Exercise: Pictures do not belong in your copy. Repeat all the other data exactly.

Recorded information:
════════════════════
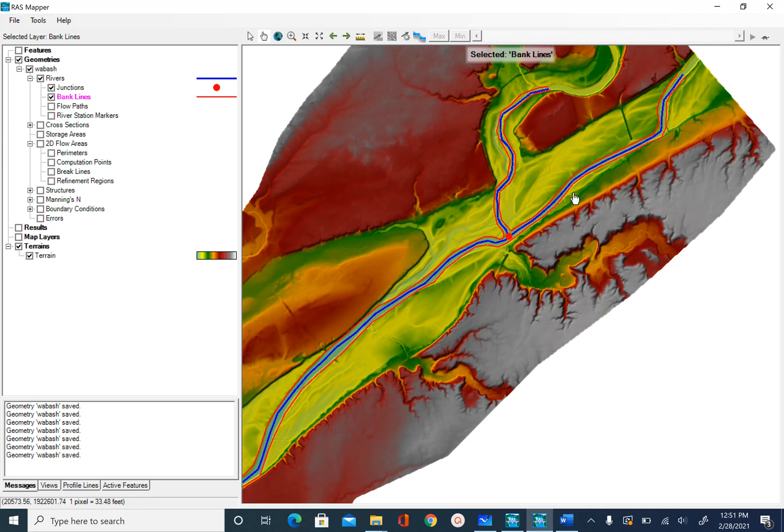This is how you digitize your bank line and in the next unit, we will see how we can digitize flow paths.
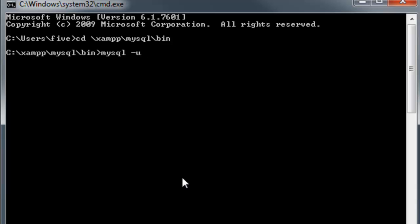One thing I want to point out is that in the last video I may have confused you a little bit about that user we created. The user table was just a generic table I created to hold user information for your website users — it has nothing to do with the MySQL user we created later. That MySQL user was created to give you access to the database without using the root user.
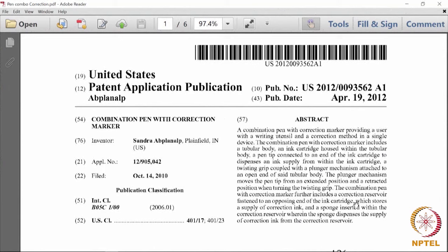Code 76 will be for the inventor's name, code 22 for the date on which it is filed, and code 57 for the abstract. The advantage of these codes is that regardless of what language the patent is written in — Japanese patents in Japanese, Chinese patents in Chinese, European patents in French or English — these universal codes help us navigate these documents even if they are in a foreign language. For instance, code 43 for the publication date helps you quickly identify that detail. This is what is known as bibliographical detail — giving information about the inventor's name, application number, date of filing, classification, title, and patent office.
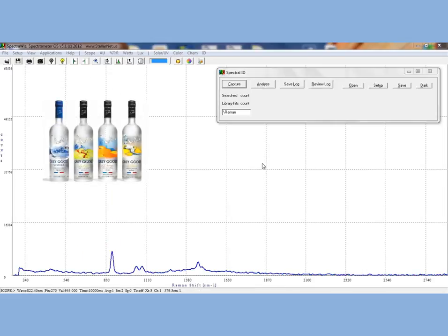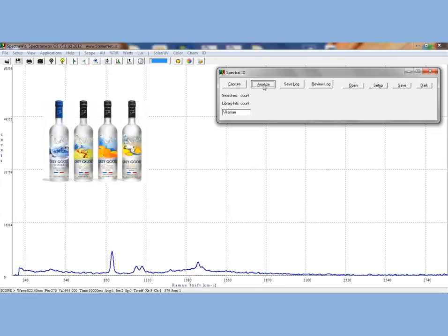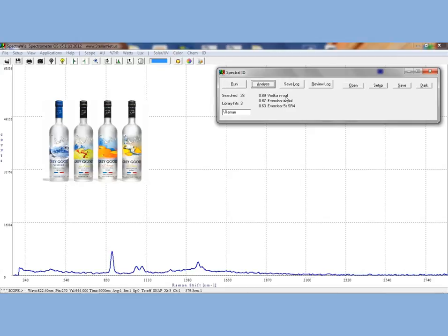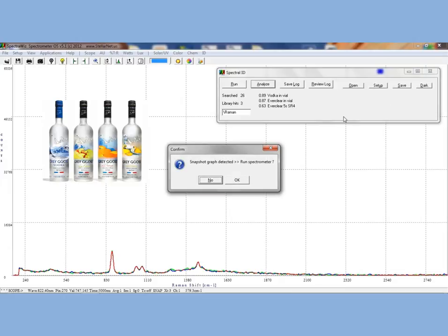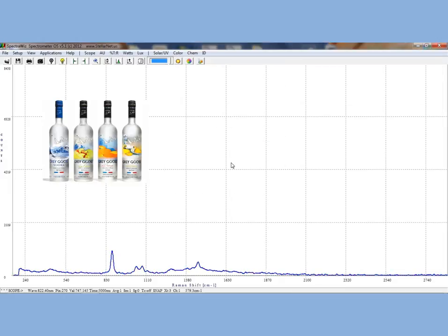In the last example, let's look at vodka, which is a distilled beverage primarily composed of water and ethanol with trace impurities and flavoring. You can see from the Raman library matches that we get vodka in a vial as their number one match, with also other hits from Everclear, which is a similar water-ethanol-based beverage except with higher concentration of ethanol.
════════════════════
Exercise response:
This is how you digitize your bank line and in the next unit, we will see how we can digitize flow paths.
One thing I want to point out is that in the last video I may have confused you a little bit about that user we created. The user table was just a generic table I created to hold user information for your website users — it has nothing to do with the MySQL user we created later. That MySQL user was created to give you access to the database without using the root user.
Code 76 will be for the inventor's name, code 22 for the date on which it is filed, and code 57 for the abstract. The advantage of these codes is that regardless of what language the patent is written in — Japanese patents in Japanese, Chinese patents in Chinese, European patents in French or English — these universal codes help us navigate these documents even if they are in a foreign language. For instance, code 43 for the publication date helps you quickly identify that detail. This is what is known as bibliographical detail — giving information about the inventor's name, application number, date of filing, classification, title, and patent office.
In the last example, let's look at vodka, which is a distilled beverage primarily composed of water and ethanol with trace impurities and flavoring. You can see from the Raman library matches that we get vodka in a vial as their number one match, with also other hits from Everclear, which is a similar water-ethanol-based beverage except with higher concentration of ethanol.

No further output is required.